The Festival of Finnish Media Art View04 presents:
GUN HOLMSTRÖM, Focal Point
TEEMU MÄKI, Rakkaus liitää ihmismielen tavoittamattomissa
LENA SÉRAPHIN, Intruders Are Paid In Marble
FOCAL POINT
(2003, sound: Erkka Nissinen, actor: Anna Krzystek)
Gun Holmström's (b. 1964) installation consists of two looping video images projected on the wall.
In "Focal Point" a woman is walking around and talking to herself. It seems like she would be talking to an invisible counterpart, perhaps an enemy of some kind. The text is based on the censored parts from the "Unknown Soldier" (1954), a war novel by the Finnish author Väinö Linna.
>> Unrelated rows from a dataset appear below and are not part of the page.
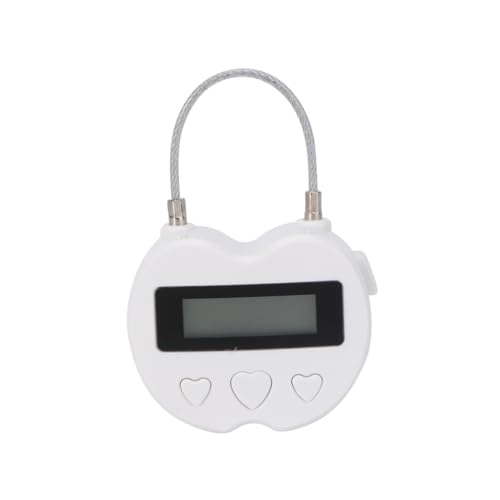 Mikikit 1Stk Elektronische Schlösser Anti-Sucht-Timer elektrische Zeitschaltuhr Vorhängeschloss digitale zeitschaltuhr Countdown-Uhr Spiel Smart Timing Lock intelligent Uhrwerk Metall Weiß von Mikikit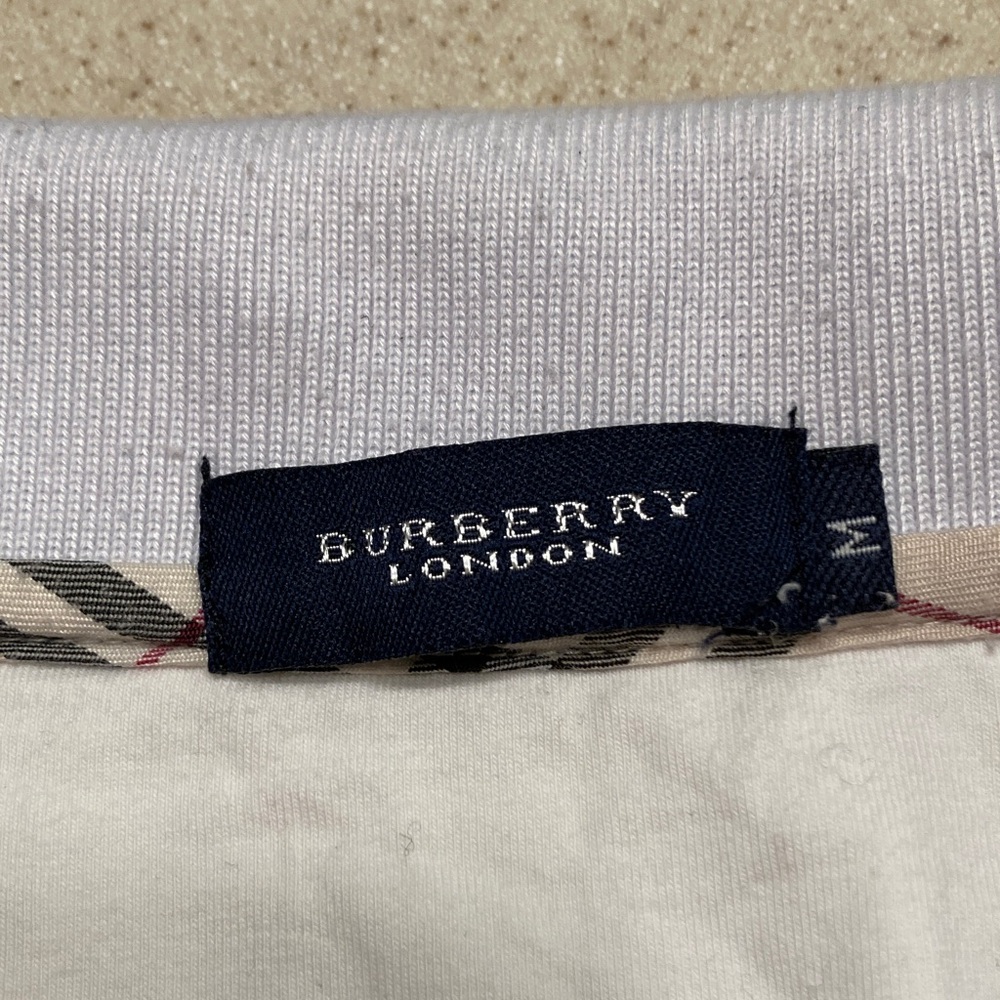 Burberry London Classic White Polo with Iconic Trim Women Size M - Picture 9 of 13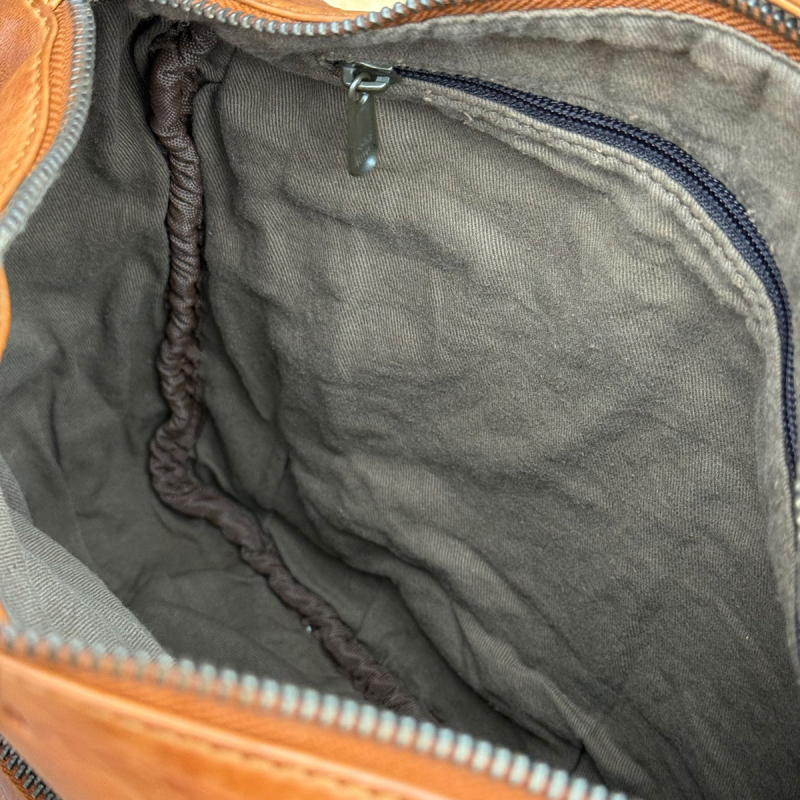 Hardin lædertaske - crossbody - to remme - patineret cognac - Montana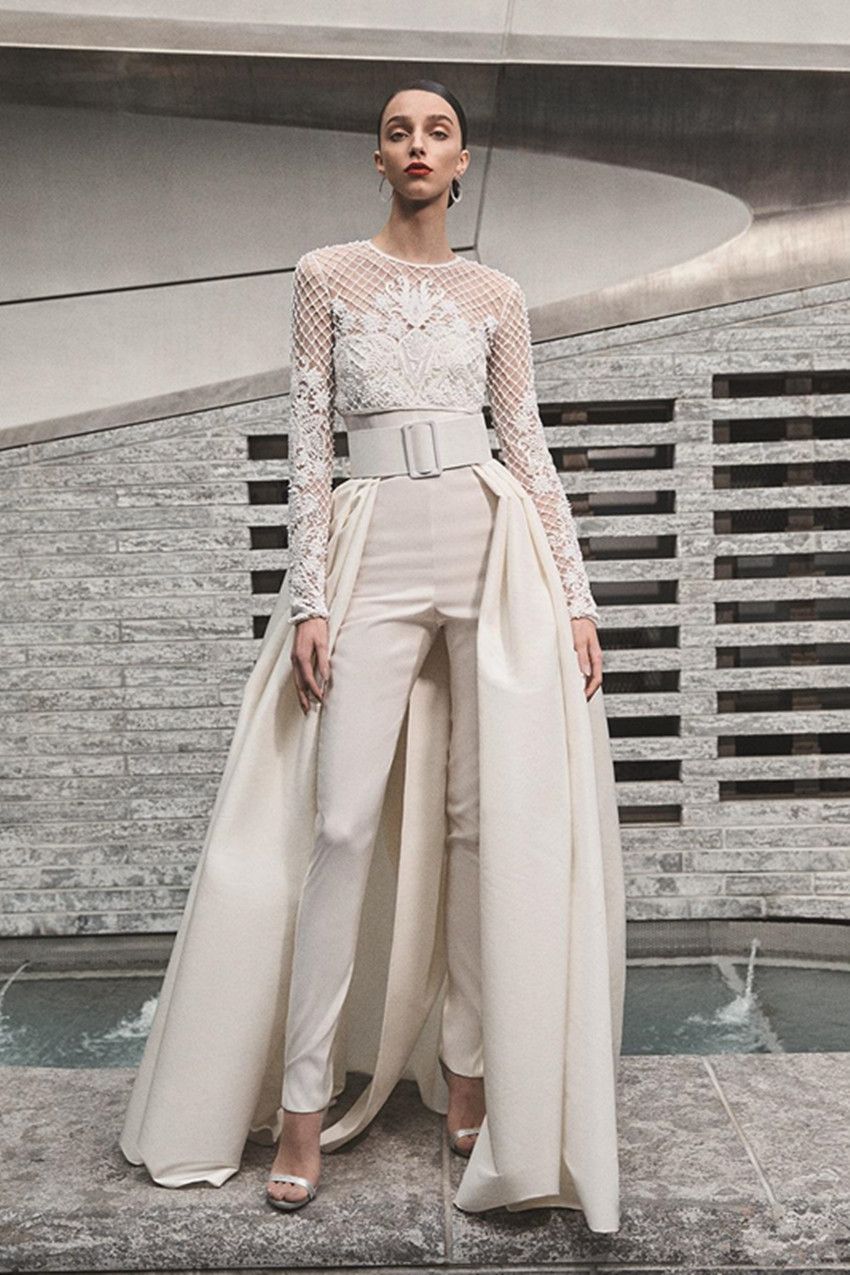 wedding jumpsuit with detachable skirt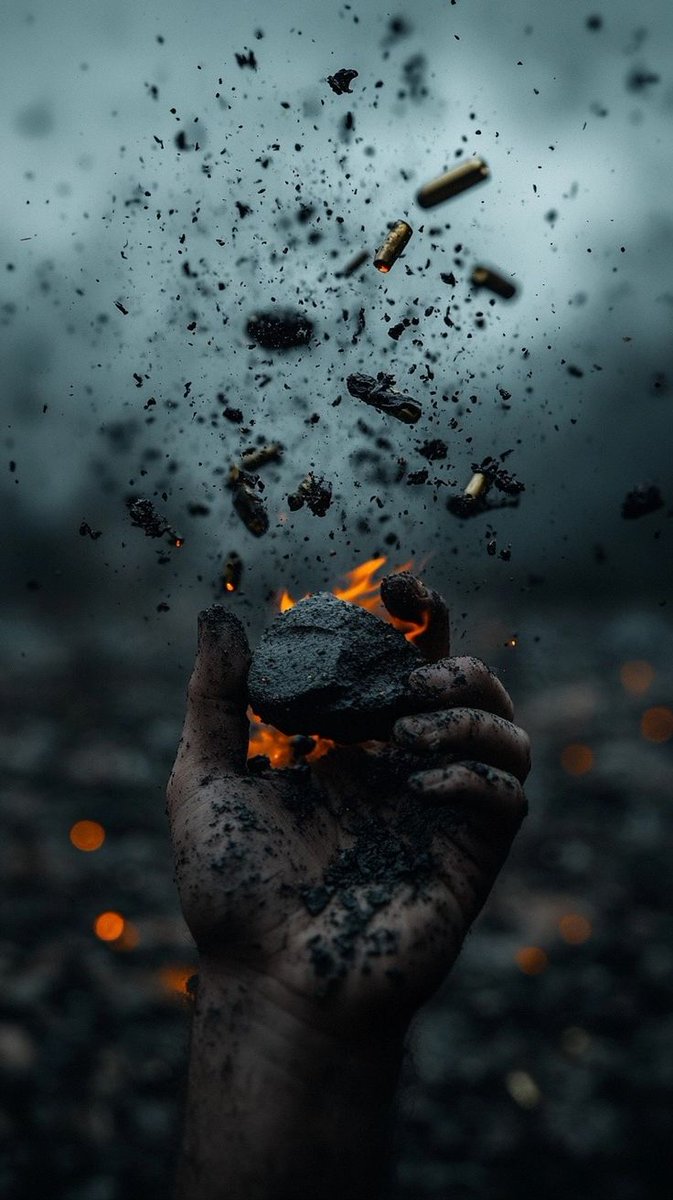 ruhinrhyme's tweet photo. Dust and debris fall like rain,
Cradled by a hand in pain.
A glowing coal, a silent #burn,
To the ashes we return.
Fingers stained by soot and lead,
Fueling fires we never fed.
In the smoke, the shadows rise,
With a fever in our eyes.
#WriteMap
#vss365 #writers #poetty #prompt https://t.co/8RK2O3nq0N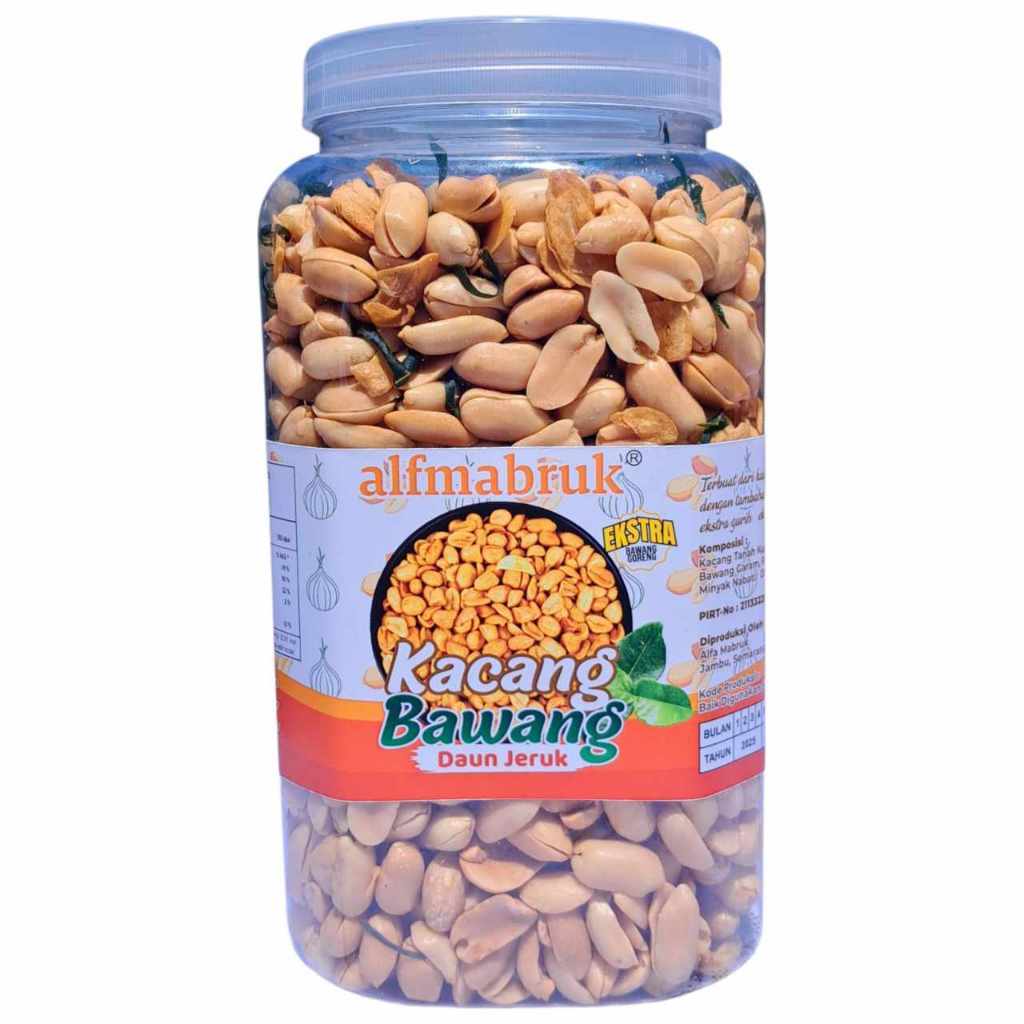 

Kacang Bali Bawang Goreng Rasa Daun Jeruk Gurih Asin Empuk Kemasan Toples 1kg | Kacang Bawang Toples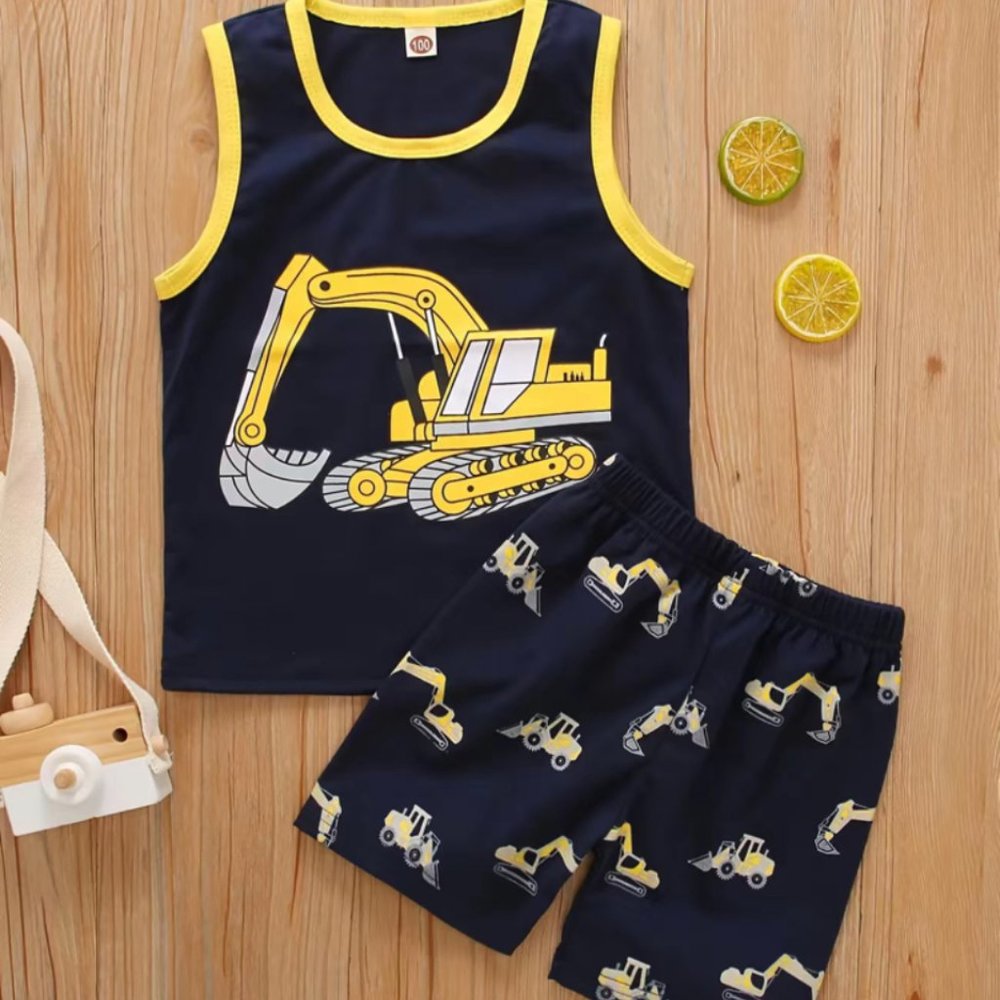 2pcs Set Boys Excavator Print Sleeveless Tank Top & Shorts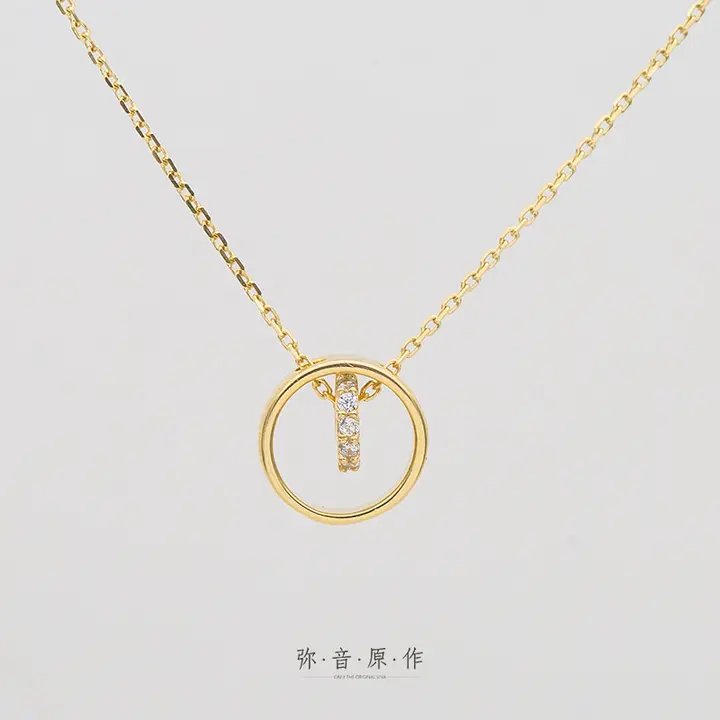 925純銀製 ゴールドメッキの鎖骨ネックレス【サークルデザイン・水晶吊り下げ・個性的な女性向けジュエリー】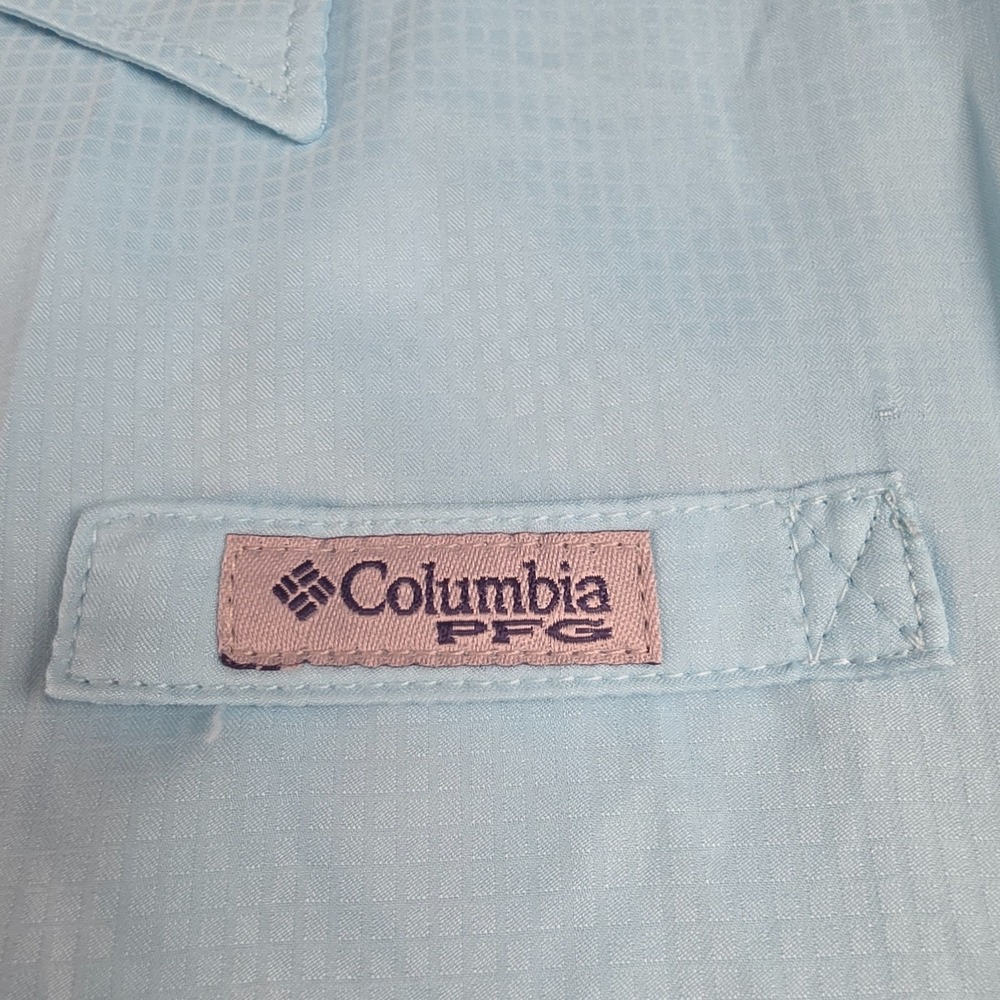 Columbia Fishing Shirt Womens Size XL Light Blue PFG Short Sleeve Vented Snap Up - Picture 2 of 8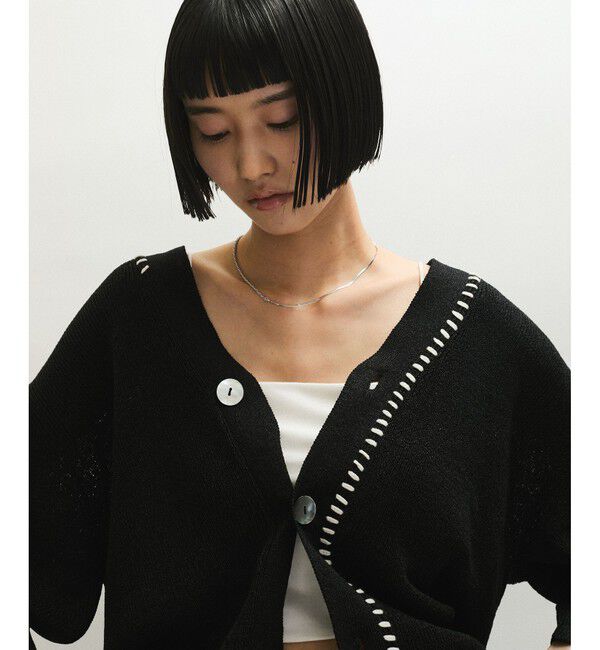 ADAM ET ROPE'「ペーパーシルクMIXカーディガン」|カーディガン|
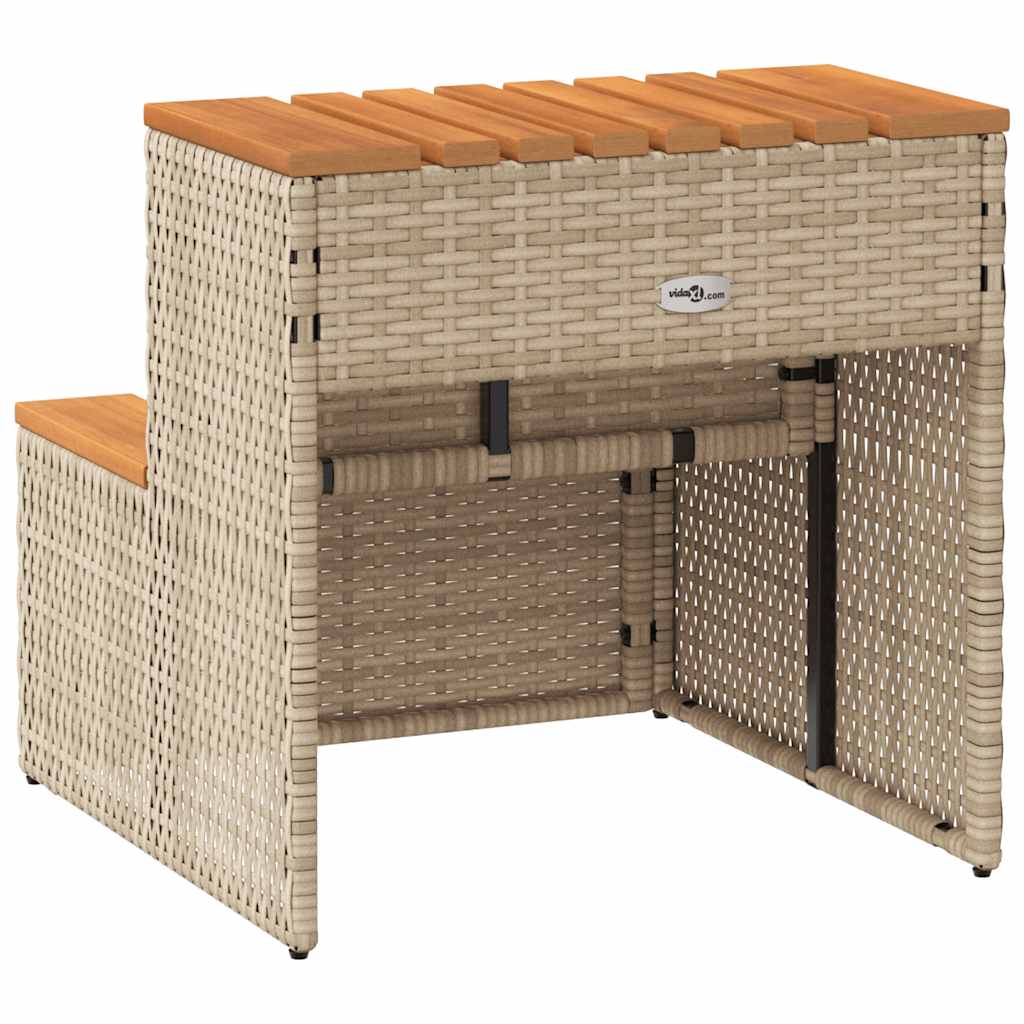 Hottub-Opstap 50X50X50,5Cm Poly Rattan&Massief Acaciahout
The complete version was published in "Sotaromaani" 2000. The novel tells about the Finnish-the Soviet Union war 1941-44, and is the most commonly read book in Finland after the Bible. Holmström has changed the text a bit, to make it fit in the woman's mouth, and to give the impression that she would be speaking of her own life, a divorce process or a similar life situation.
Focal Point is Gun Holmström's first dramatized video. She got interested in Väinö Linna's text because it could not be published as a whole for political reasons. This happened not so long ago but today it is difficult to understand why the text was cut by the publisher. In the video it's even harder to understand the censoring since the sentences are cut from their original context.
Excerpts from the text of the video:
-"And the past can't be changed; we must begin in the present. And that's what I'm doing. To be honest, I'm doing what any rational person would do. I just make up an excuse for my desires and fancies and pretend it's rational."
-"Rebellion arose from something completely different than he imagined. I didn't grumble for his sake, but for my own. It wasn't political."
-"Those with the strongest principles understand, probably more profoundly than anyone else, that there really are no principles anymore."
The other part of the installation - "Border" - is a loop made of photographs from the Finnish-the Soviet Union border during the war 1941-44. This part is more abstract and meditative, but as in Focal Point, the enemy is somewhere there, but cannot be seen.
RAKKAUS LIITÄÄ IHMISMIELEN TAVOITTAMATTOMISSA
(number two of the Leningrad essays and poems)
2003, 5 min. 33 sek.
In Teemu Mäki's (b. 1967) video a poem by Muhammad Ibn 'Arabi (1165-1240 AD) is recited in Finnish and Russian (no subtitles in English). The poem portrays love as a power that both tortures and nourishes human beings, and doesn't really care about individuals but instead darts from one person to the next unexpectedly and changing both its location and its direction.
INTRUDERS ARE PAID IN MARBLE
2002, 4 min. loop, editing Lena Séraphin & Christin Ödlund, actors Heidi Sill & Pierre-Olivier Arnaud
Lena Séraphin's (b. 1962) installation reconstructs a fictional crime. The gallery space is transformed into a crime scene.
The janitor Michel Le Boeuf was mistaken for an intruder when he entered the castle Château Guereule during heavy rain and a cut in electricity. He died of inner hemorrhage and scull fractures due to multiple blows with a blunt object. What had happened?